Quarantine protocol ready for Koreans arriving in Cebu
CEBU CITY – The multisectoral task force on coronavirus will implement the same quarantine protocol imposed on returning Filipinos and other passengers from North Gyeongsang, South Korea, Governor Gwendolyn Garcia said on Thursday.
Garcia said the national government’s Inter-Agency Task Force on Emerging Infectious Disease has approved the entry ban of Korean nationals from the Korean province.
But as a policy, Filipino passengers and holders of permanent visas who will be coming from North
Gyeongsang Province will be allowed entry but subjected to mandatory 14-day quarantine and will either be taken to a quarantine facility or sent for home quarantine.
Garcia called for an emergency meeting with Department of Health
(DOH) regional director, Dr. Jaime Bernadas, Bureau of Quarantine (BOQ) regional chief, Dr. Terrence Bermejo and Provincial Health Officer Christina Giango Wednesday night to discuss the new protocol.
Garcia told reporters that she will hold the issuance of another executive order because the issue continues to develop and there is a possibility that the national government will extend its ban outside North Gyeongsang province.
“We are trying to prepare for that possibility, because (Press Secretary Salvador) Panelo said they will assess the situation within 48 hours,” she said.

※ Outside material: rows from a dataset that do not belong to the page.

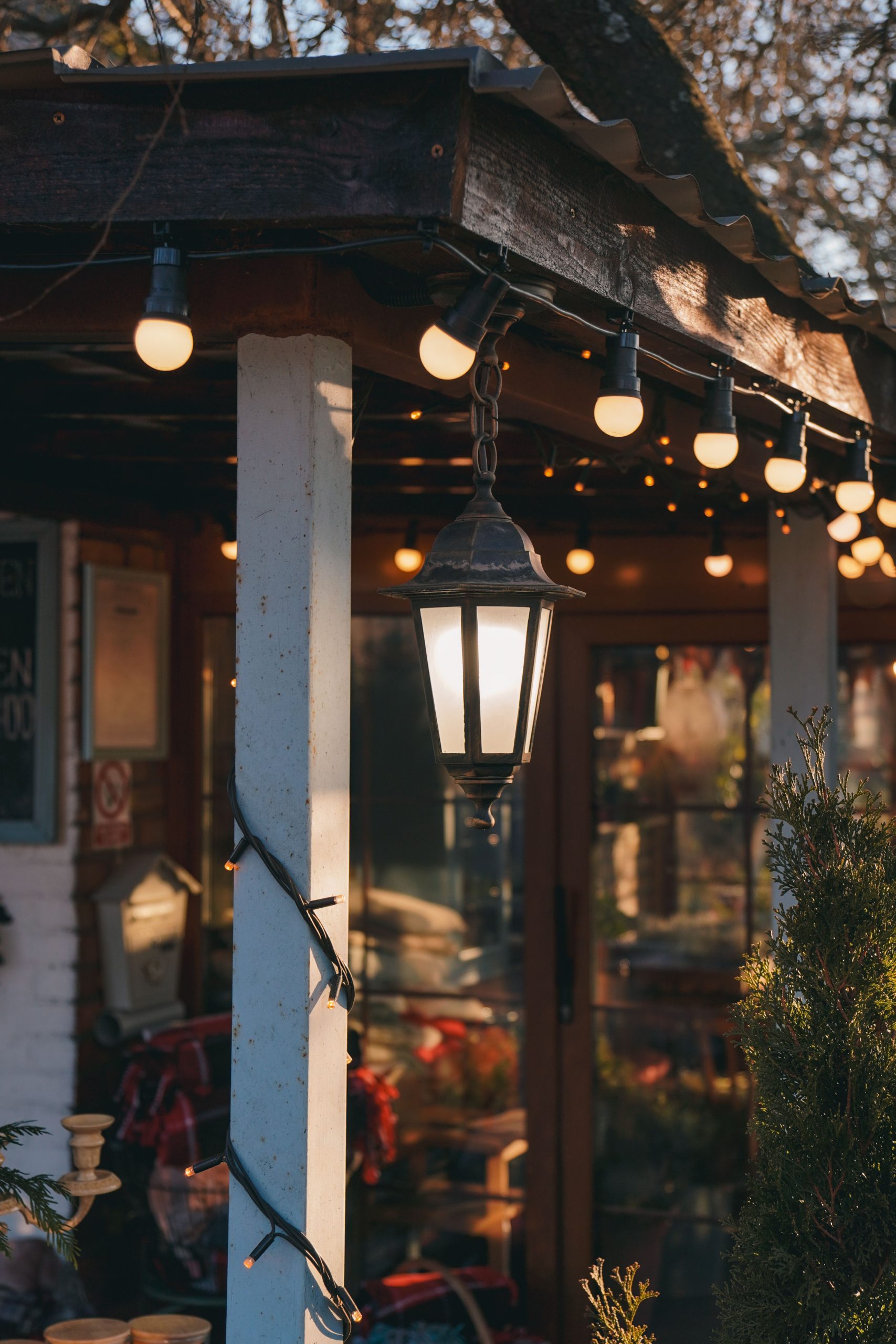 Warm evening scene of a cozy outdoor cafe in Kyiv, Ukraine.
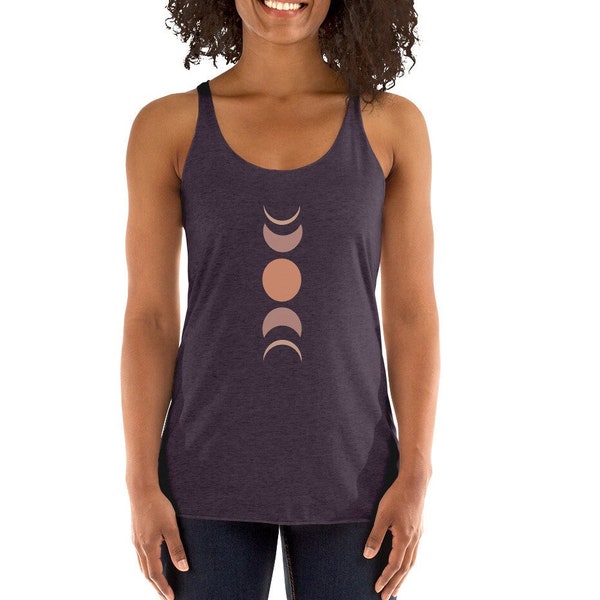 Moon Phase Tank Top Women's Racerback Tank Cute Summer Tank Top  Grey Boho Tank Top  Terra Cotta Clay Moon Phase Tank Women's Tank Top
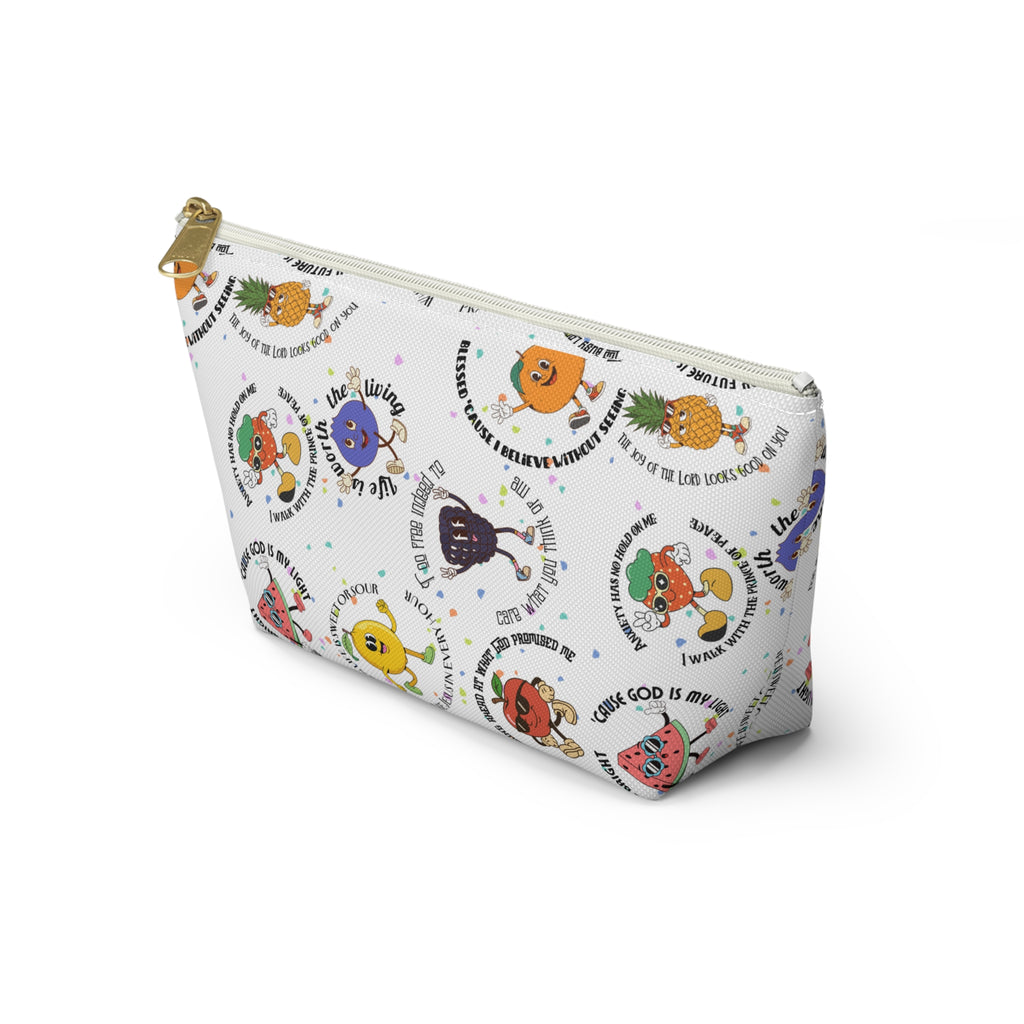 Fruitful Quotes Accessory Pouch — T-Bottom Bag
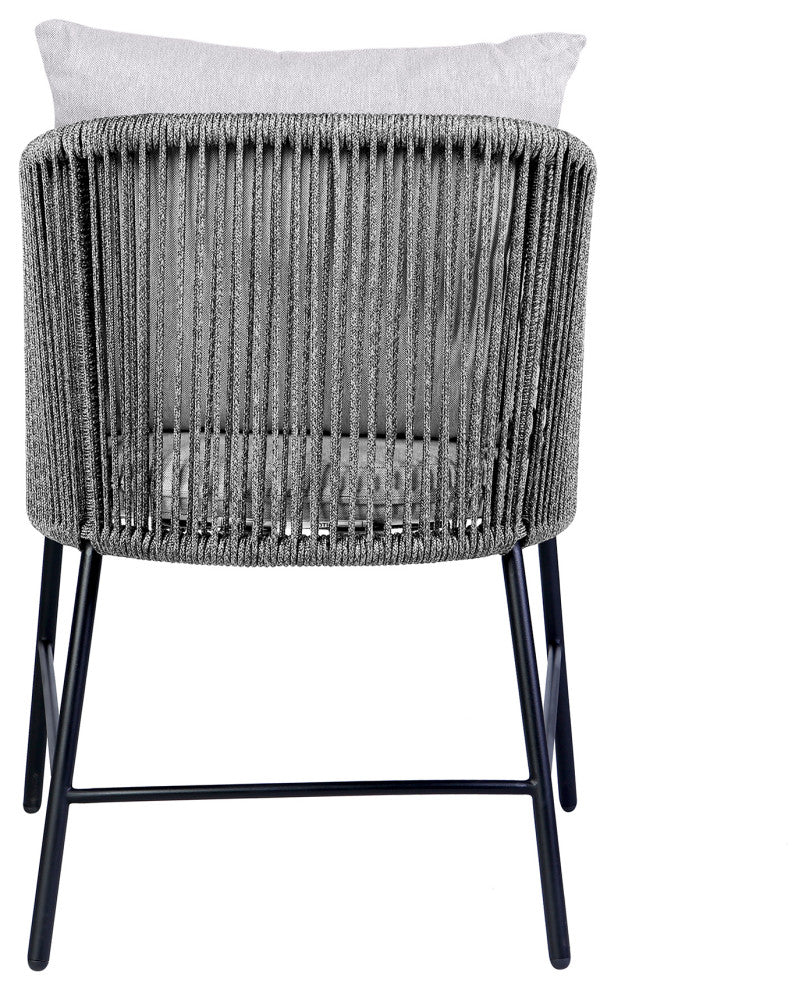 Calica Outdoor Patio Dining Chair, Black Metal And Gray Rope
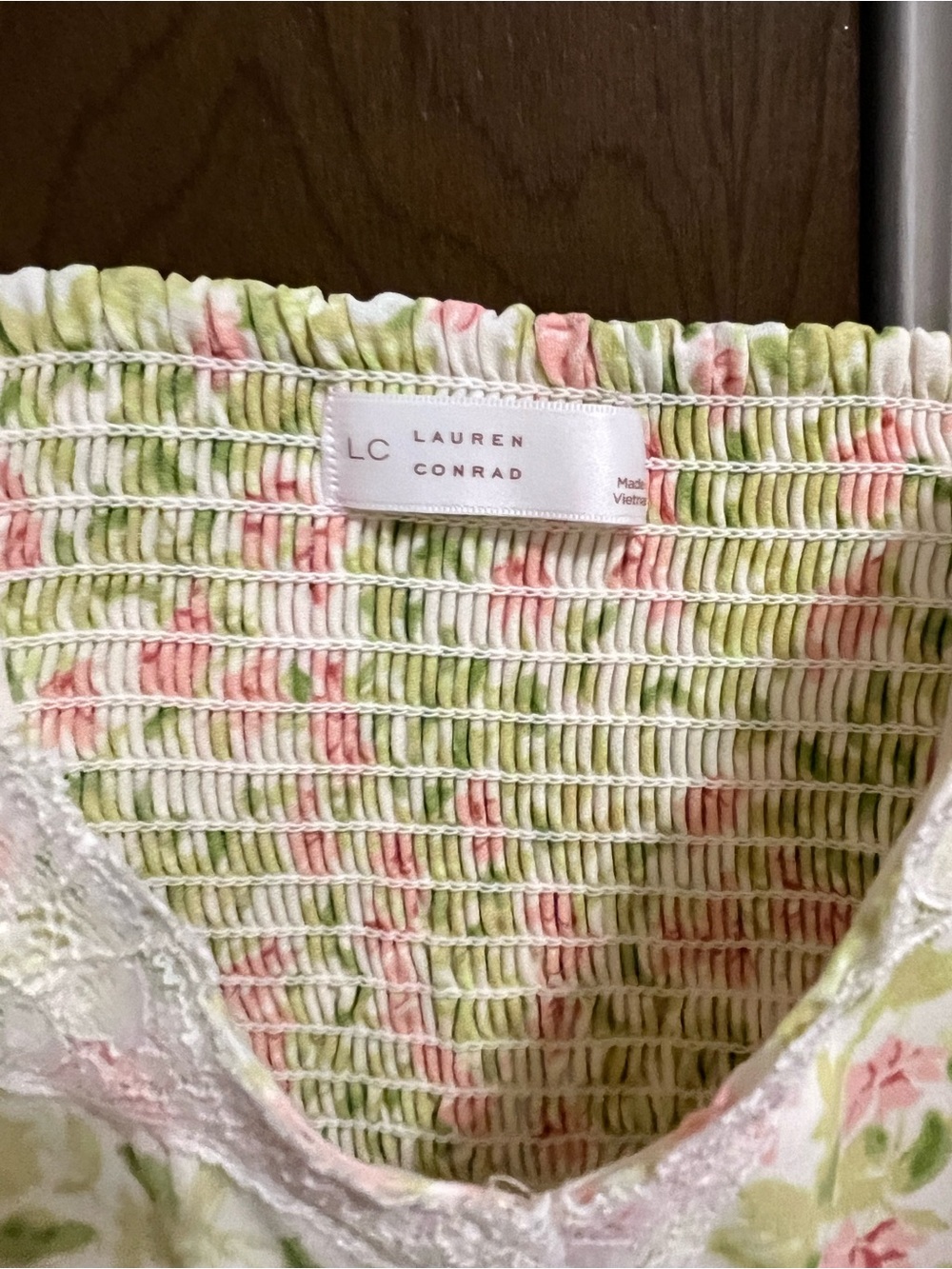 LC Lauren Conrad Pink & Green Floral Smocked Tank with Lace - Picture 2 of 7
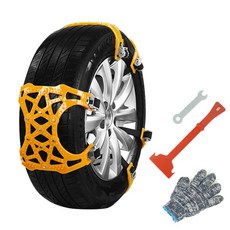 MuscleFriends 聚氨酯雪鏈多用型6p黃色+收納袋+皮帶雪鏈+多用途除霜器+安裝手套+專用扳手, 1套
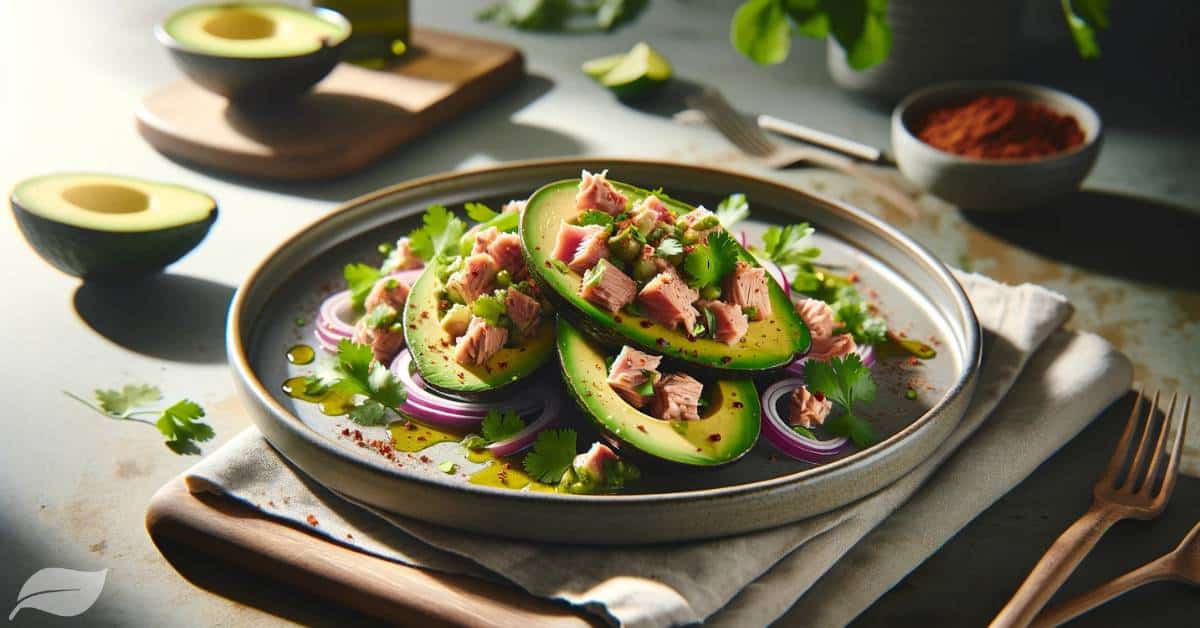 a keto-friendly avocado tuna salad for two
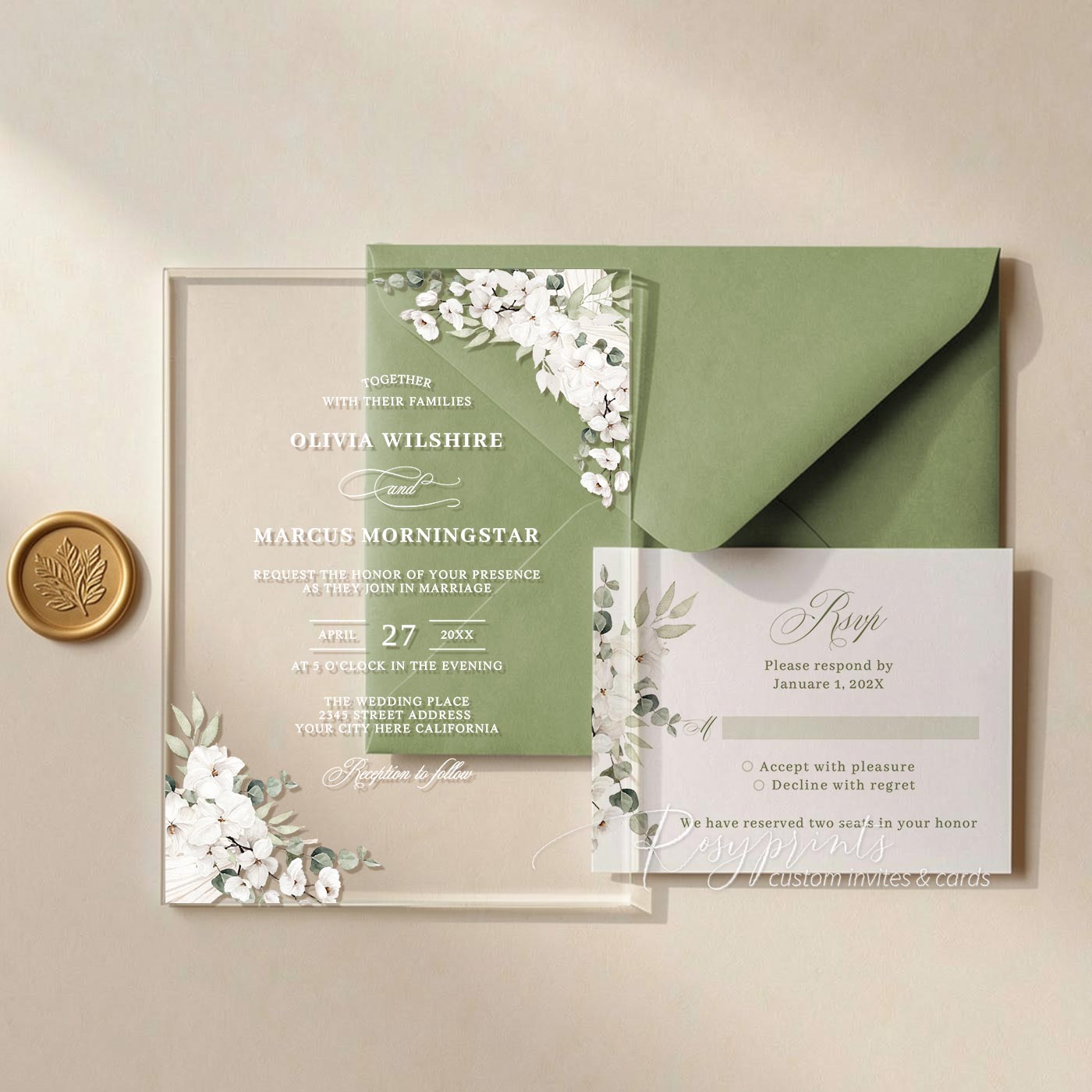 sage green and white clear acrylic wedding invitation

She was referring to Panelo’s earlier announcement that there was a possibility for the national government to extend the ban to other parts of South Korea, even outside North Gyeongsang province.
In a press conference following the meeting, Bermejo said daily flights from Daegu City to Cebu have already been canceled. Daegu is just one of the 10 cities in North Gyeongsang Province where 1,146 cases of the coronavirus disease 2019 (Covid-19) were reported.
Before the announcement of the ban, there were 26 Korean tourists that arrived from Daegu on Tuesday night. They are now considered persons under monitoring (PUMs).
Bermejo said authorities are already tracking these passengers.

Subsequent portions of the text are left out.